One limitation here is that by asking for participants to report only a single positive and negative memory at each timescale, we showed that surprise correlates with memory accessibility but not necessarily its availability75,143. Probing all or a larger subset of basketball memories could determine whether surprise affects availability as well. Antony et al.7 asked basketball fans to freely recall basketball game clips and found that surprise also drove memory for individual plays when participants were encouraged to respond with everything they could remember. Therefore, this concern has been partially addressed for momentary surprise in laboratory settings, but future studies could examine whether surprise plays a role by probing a broader swath of memories64,65. Another limitation is that, while in some cases, participants spontaneously provided the surrounding context for plays, games or seasons (Extended Data Table 1), we did not rigorously examine whether information before or after surprising events are similarly well-remembered. In laboratory studies, salient events (such as surprise) boost surrounding memories in some models24,144,145, whereas in others they impair them146 or have no effect3,96 (see ref. 147 for a short review), and it would be worthwhile to examine this more rigorously for these real-world contexts148. Finally, the main limitation in this study is that there was no experimental manipulation, meaning that findings were correlational and causal inferences cannot be directly drawn.

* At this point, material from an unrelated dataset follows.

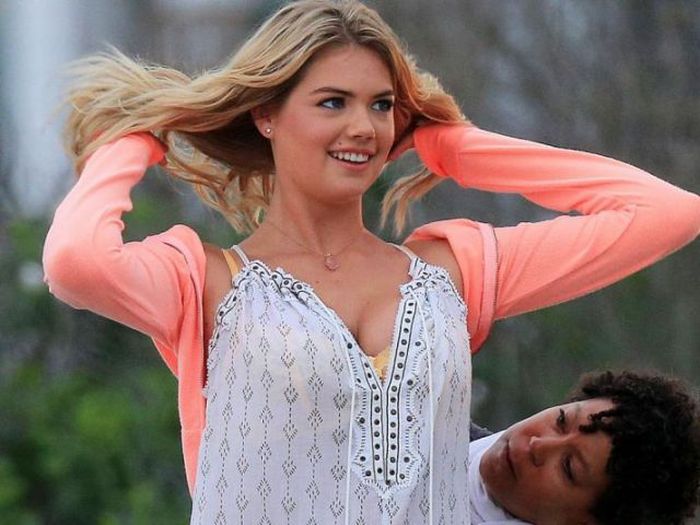 Kate Upton's Boobs Jumping Out (10 pics)
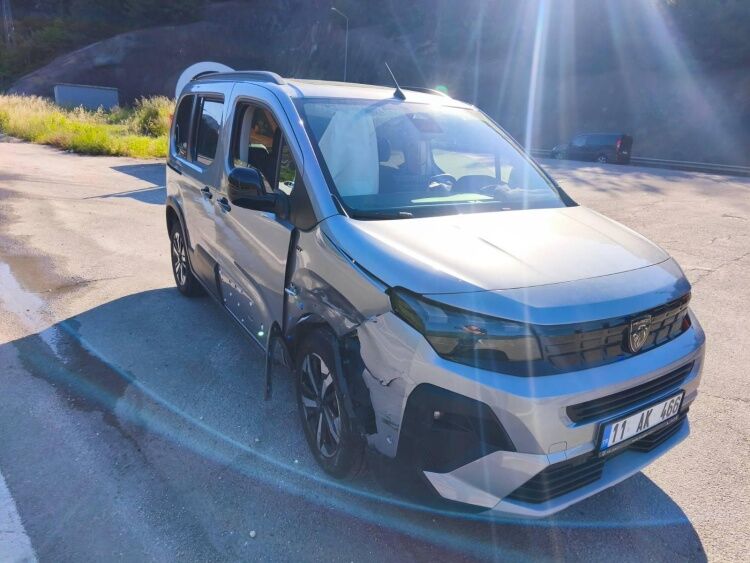 Tünel Çıkışında Kaza 4 Yaralı 15006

The greatest factor in determining whether an event is surprising is the high-level context149,150 or schema151,152. This factor guides predictions of what should be expected in a particular situation, and therefore surprise varies across domains153. Indeed, the broader literature on surprise includes domains as wide-ranging as music154, language51, politics64,65 and narratives55,151,155,156. In this paper, we used the term ‘surprise’ to refer to changes in game or championship probability. While our data indicate that memories also correlated with other variables, such as seeing spectacular feats of athleticism (which we assess in our spectacularity measure and argue provides another form of surprise), who wins a game or championship may be the most relevant variable for sports fans. If the primary task or context differed, such that they were asked to instead count the number of passes or listen carefully to the commentary, we would expect other factors to drive memory. Just as a routine play (for example, a layup) occurring at a critical moment would be considered highly surprising in our model, an everyday word would be surprising in a particular context (for example, ‘Tornado wind speeds reach over 100 dogs per hour’).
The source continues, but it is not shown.